Almanya gibi her açıdan titizlikle yapılandırılmış, insanların neredeyse ruhlarının-duygularının dahi kumanda edildiği bir ülkede, binlerce insanın sokağa döküldüğü günlerin ardından, ‘bu kıyım sistemine karşı birlikte olalım’ çağrıları gerçekten de basite alınacak çağrılar değil
Hapsedilmeyi yaşayanlar bilir.
Büyük bir gökyüzü parçasını yakalayabilmek için, canı gider insanın.
Canı gider insanın, upuzuuun bir sokakta saymadığı-sınırsız adımları atabilmek için.
İnsanların arasında kaybolmak için, canı gider insanın…
Ve “bir gün bunları yapabilirsem, ölsem de gam yemem” denilir.
Sonra çıkılır, bütün bunlar yapılabilir hale gelir, başka bir hayat başlar.
Elimde posta kutusundan yeni çıkardığım bir zarf. İçerisinde yirmiyi aşkın tutsak mektubu.

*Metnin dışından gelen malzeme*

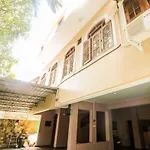Yoho Bro Hotel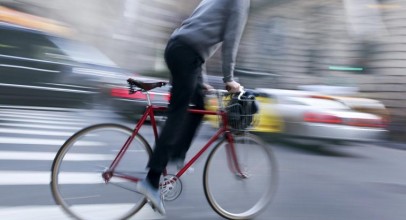 Pedalear parado o sentado?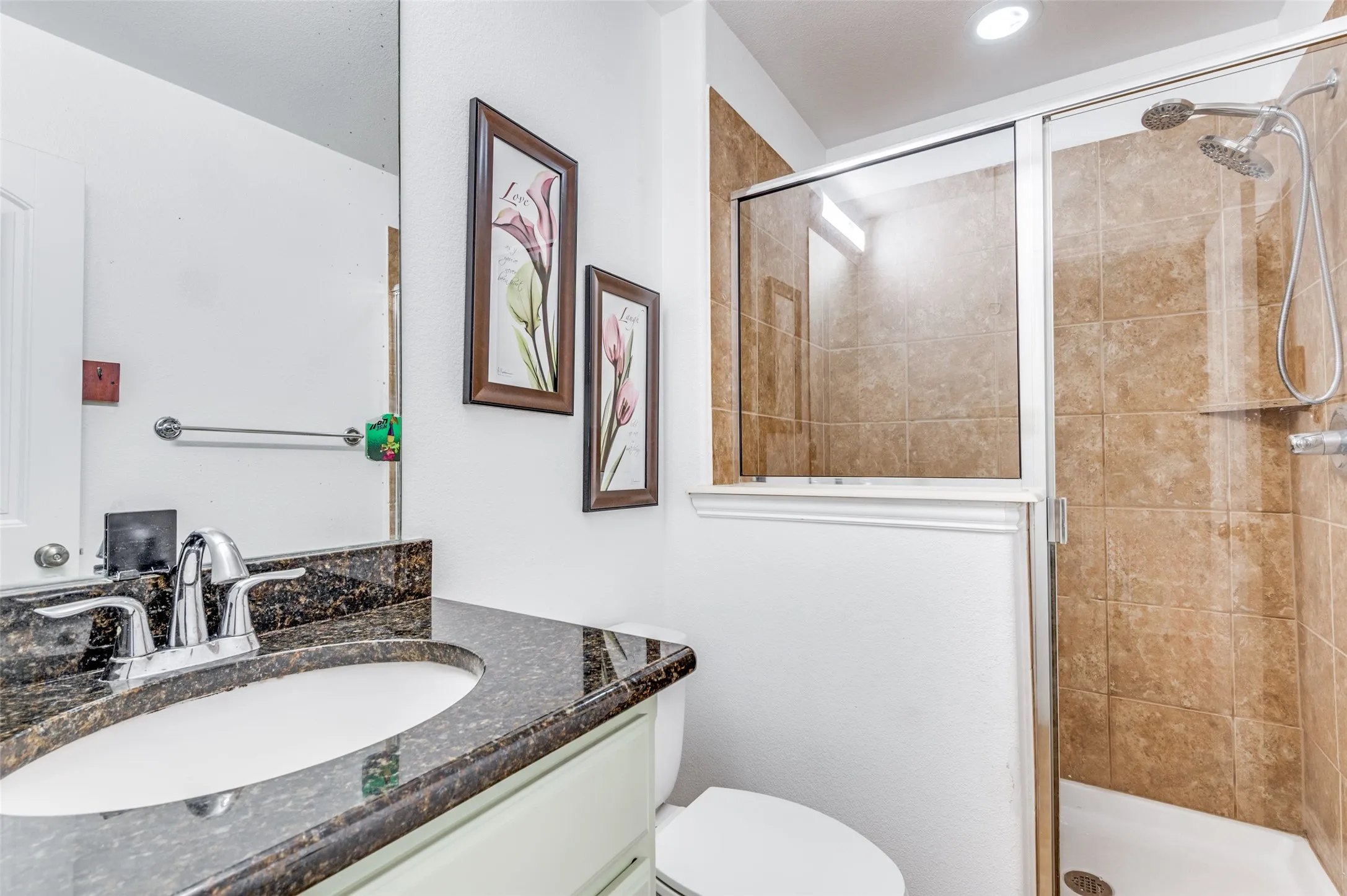 Single Family Residence For Sale in Dallas County , 7031 Nueces Drive, Irving, Texas 75039, 3 Bedroom, 3 Bathroom, 2 Garage spaces, 3,066 Sqft, built in 2013, mls#21180248, Real Estate Agent in Irving, Homes For Sale in Dallas county, Homes For Sale in Irving, Realtor in Irving Texas, Real Estate Brokerage Independent Realty Texas, Luminita Cordes Realtor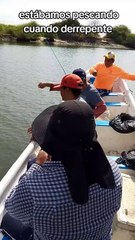 Grupo de pescadores salva a perrita en apuros (VIDEO)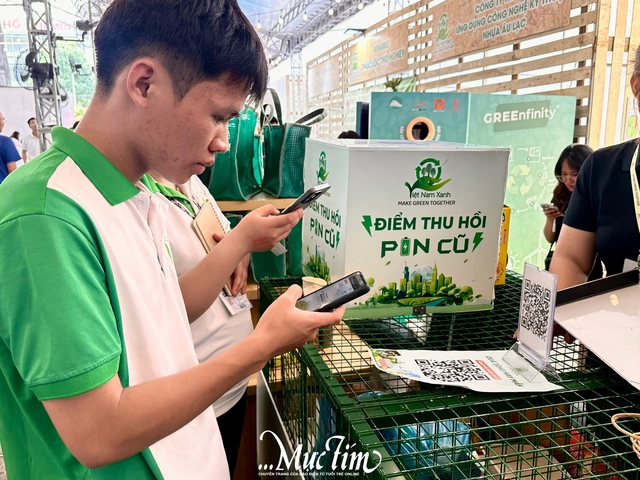 Tấp nập người đến đổi rác, nhận quà tại Ngày hội Việt Nam Xanh - Ảnh 2.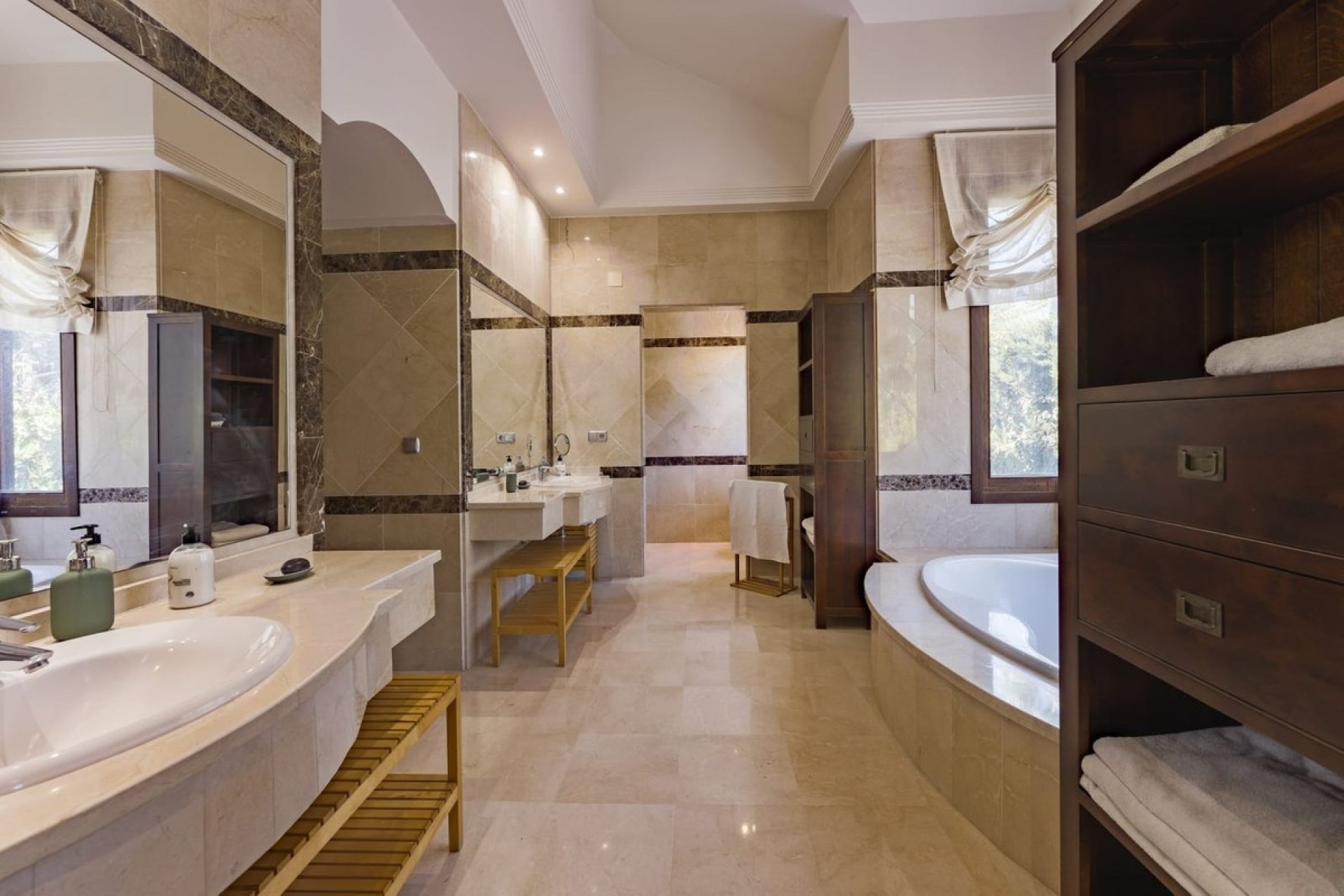 Wiederverkauf - Villa - Marbella - Nueva Andalucía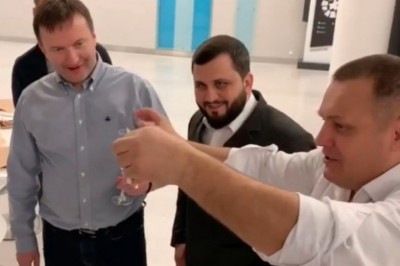 Gość i jego sztuczka z banknotem. Kiedy chcesz zabłysnąć na imprezce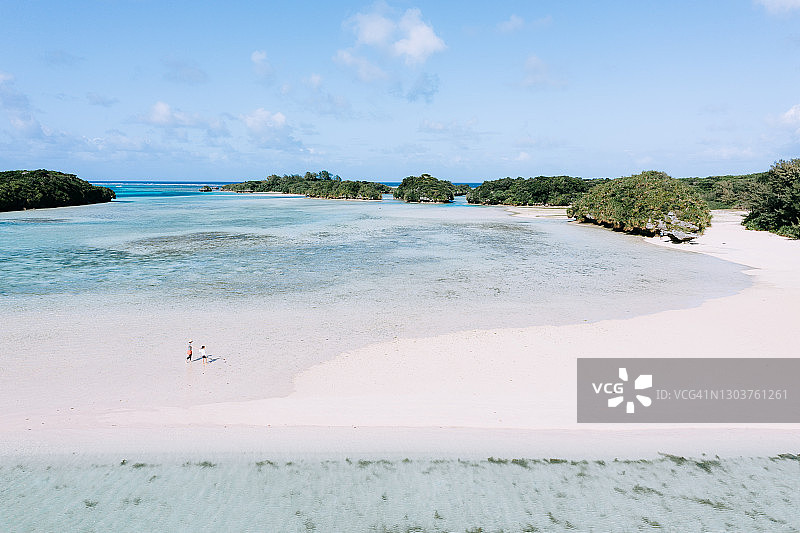冲绳，日本，鸟瞰热带泻湖中的母亲和孩子图片素材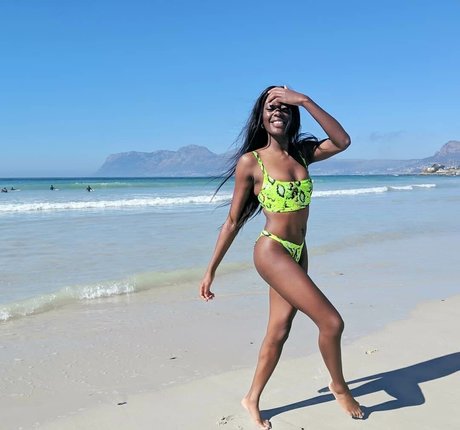 AJ Odudu xxx actress photos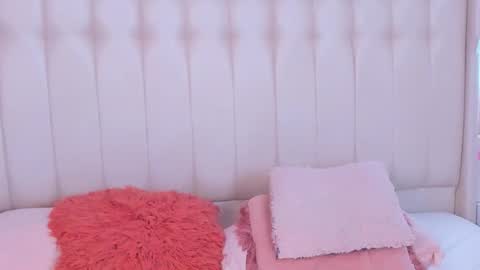 Lyn online show from November 25, 11:23 am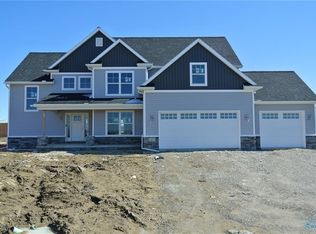 6 Winfield Manor Ct, Perrysburg, OH 43551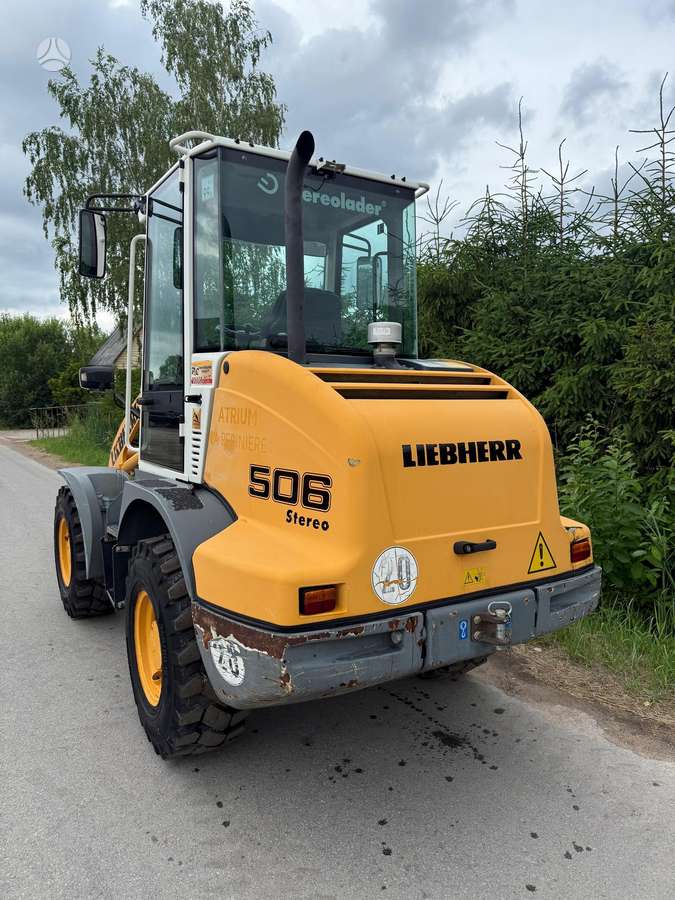 Liebherr L506 Stereo, frontal loader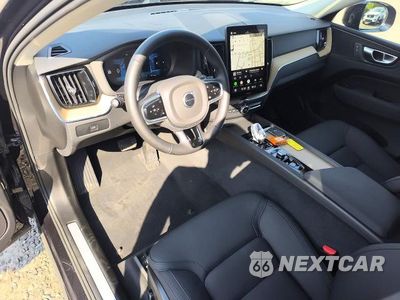 Zdjęcie 7 z 15 samochodu: 2026 VOLVO XC60 PLUS VIN:YV4M12RC2T1336011 - miniatura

Karikatürler çizmişler. El işleri yapmışlar. Bu diyarlardan kendileriyle dayanışma içerisinde olanlara hediyeler göndermişler ve dışarıdaki tüketim kültürünü gayet iyi takip ettikleri için şu kartı hazırlamışlar:
“Direnerek üretiyor, üreterek direniyoruz. Kendimizi tecrite ezdirmiyoruz!..”
***
Biz! Dışarıdakiler!
Bir yanımızda, zaten kapitalizmin atomize ettiği yaşamların üzerine eklenen dijital dünyanın etkisi altındaki düşüncelerimiz, paylaşımlarımız. Bozulan algılarımız.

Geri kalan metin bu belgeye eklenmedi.